I don't blow through red lights, but I will come to a full stop and then treat them like stop signs, cross traffic permitting. Possibly pisses some drivers off, maybe I should just wait if there's a car next to me. Weaving through traffic is obnoxious, I don't. Peds are a tough call-- safest is to assume that all will behave like toddlers. basically slow to a crawl to pass, but christ.
The article makes the good point that aside from perceived rudeness on the part of cyclists, being stuck in traffic pisses drivers off. One civility gesture I read about and have started doing is to wave to peds who make room after passing them, an acknowledgement of shared humanity or whatever.
I don't run reds. I will start going before it turns if I have it timed, but I try not to be in the intersection proper (past the crosswalk, etc) before it's green. Sometimes I will go at a light that has a four way walk as part of the cycle if that seems likely to be safest, but I'll ride walking pace until I'm through.

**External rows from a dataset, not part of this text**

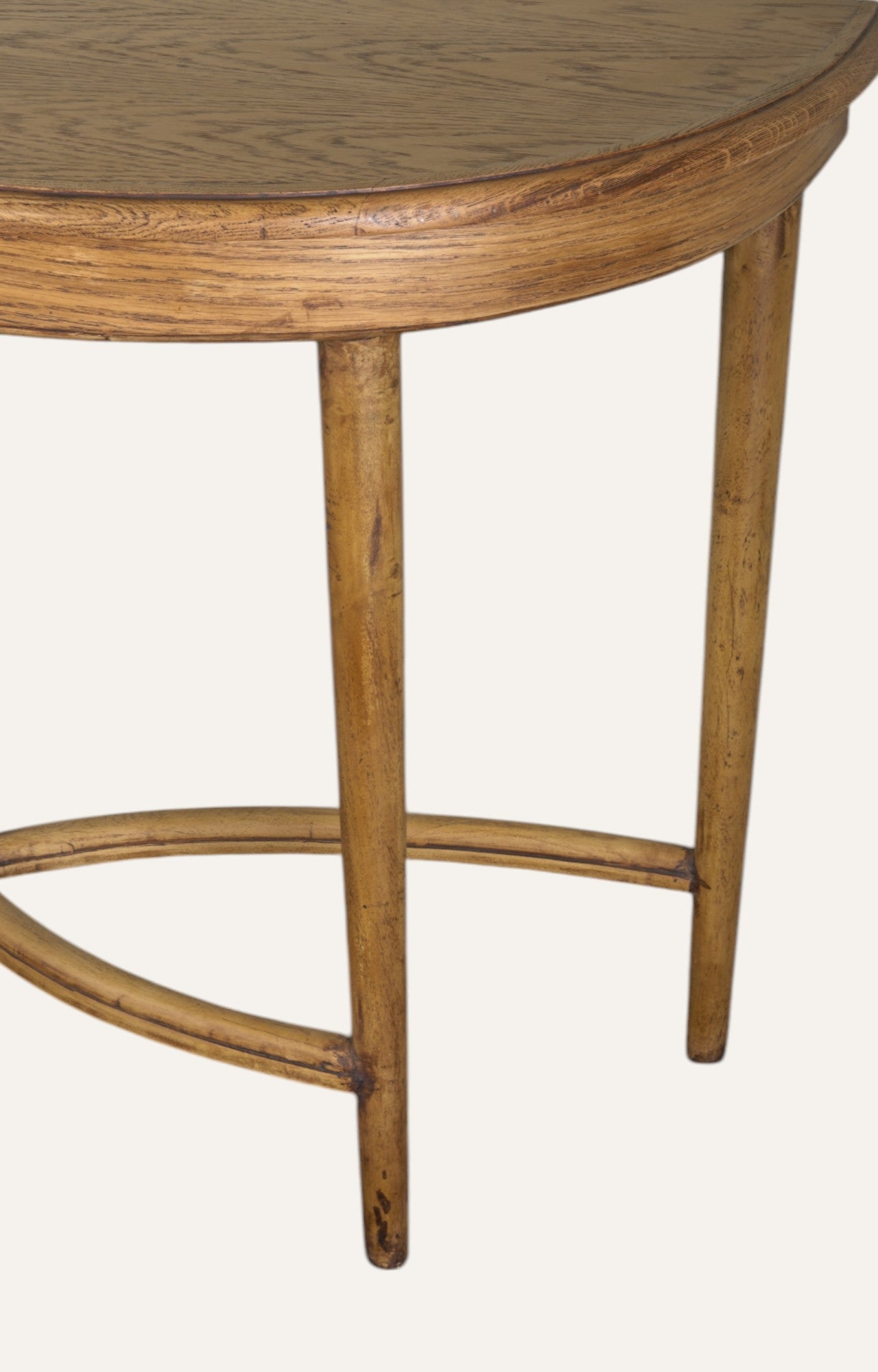 Half Moon Console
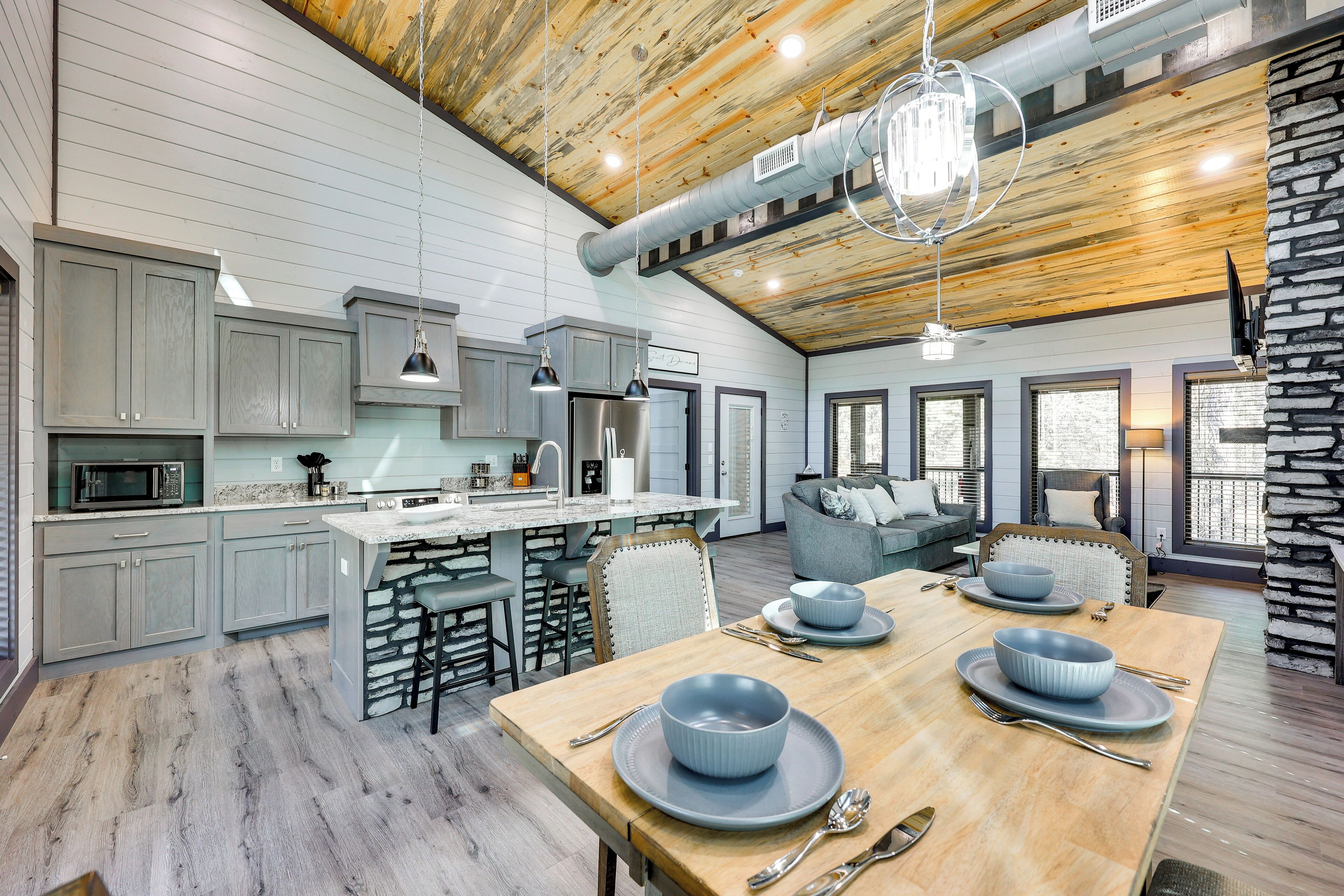 Hus (1 Bedroom) | Boendets fasad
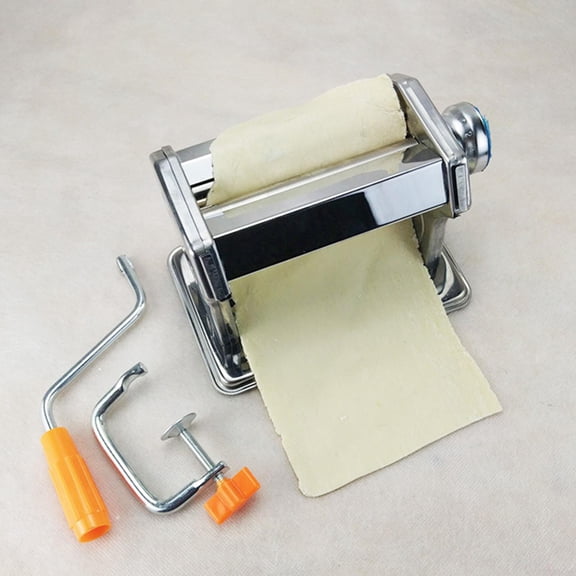 balikha Clay Conditioning Machine Mixing Colors Manual Wide Roller Clay Extruder Multipurpose DIY Craft Polymer Clay Roller Machine for Polymer Clay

I definitely see more cars easing into the intersection/stopping past the line/pushing a yellow/making an illegal right on red, but those are all legally running a red.
I have to teach a seven-year-old boy to ride a bike in the next couple of weeks. He'll be O.K. at the peddling and I know you can't beat his sense of entitlement.
Are rights on red illegal in Boston generally? They are in NYC, but I thought they were okay where not specifically prohibited most places.
57: They are mostly legal here. Not like it would stop anyone (present company excepted) if they were illegal.
57: they are legal unless specifically prohibited. All of them in Cambridge are specifically prohibited.
Does somebody's cousin own a sign factory?
The reds I run are in situations like this one, where there's simply no crossing traffic (cars can be merging into my lane from the left, but it's pointless to stop for them, since I'm going to be on their right anyway, and in any case I watch for them). Then there are situations like this one, where the traffic light is purely to enforce a mass pedestrian crossing; I'll always slow way down, and if there's nobody around, I'll cruise right through, but I'll stop and wait until the mass of pedestrians are through if there are any (but will go before it turns green if the pedestrians are through).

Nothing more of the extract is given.